Introduction. By now you have been introduced to the statistical definitions of the terms “population” and “sample”. It is also likely that you have encountered the concept of “sampling error”. This concept is difficult to understand unless you actually have some experience dealing with it. Consequently, we developed this exercise to help you learn about sampling error; in particular we want you to learn the general relationship between sample size and sampling error.

Procedure.

Work in three groups. Each group will be given two beakers containing colored, wooden buttons that are colored on the flat side with numbers written on the rounded side. The colors are to help prevent mixing up the sets of buttons. Assume that each button represents a person, and the number on the button represents their height measured in cm. Each beaker contains a population of people. You will take several samples from these populations.

Put the results of your sampling in the table that your instructor has put on the board.
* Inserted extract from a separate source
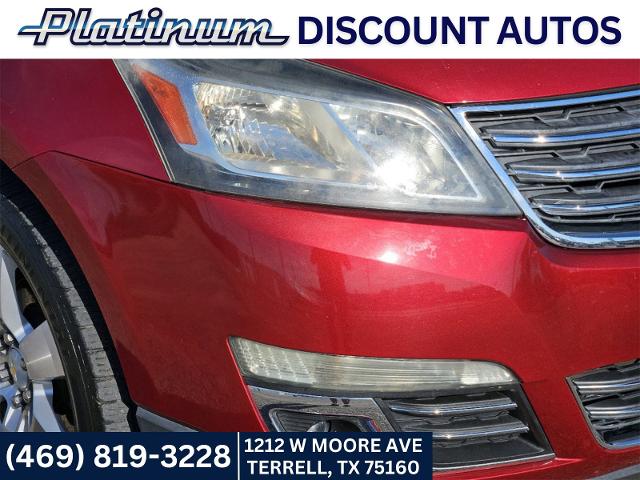 2014 Chevrolet Traverse Vehicle Photo in TERRELL, TX 75160-3007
The table on the board should appear as follows:

Mean height +/- SEM (cm)

Sample size         population 1      population 2

                    1

                    5

10

                    20

                    30

Your first samples should consist of only one individual from each population (beaker). Obviously, you don’t need to calculate a mean here; simply write the height of the one individual in the appropriate mean height column. Before you proceed to the next bout of sampling, look over the samples taken by the entire class. Based on the samples, can you make any conclusion about the heights of people in population 1 vs those in population 2? Are the people in one population taller?

Next, take a sample of five individuals from each population. Calculate the mean height and the standard error of the mean of each sample, and put these on the board. Once again, look at the class results. What can you conclude?

Repeat this sampling procedure and class comparison procedure for samples of 10 and 20 individuals. This time enter your data on a spreadsheet using the statistical program called Statview. This graphics and statistics software has been installed on the INTSCI computers. Your instructor will discuss the use of Statview. Using Statview, construct frequency distributions (histograms) of your data for your two samples. Then, use Statview to calculate the descriptive statistics (mean and standard deviation) of these samples. Put these on the board.

Finally, enter on a spreadsheet the data for all 30 individuals in each population. After each bout of sampling, discuss the class results. Construct histograms that show the height frequency distributions for both populations. Also calculate the mean and standard deviation for each population.

Conclusion. What is sampling error? Does the existence of sampling error suggest that whoever did the sampling did something wrong? Does sample size influence sampling error? If so, what is the general relationship?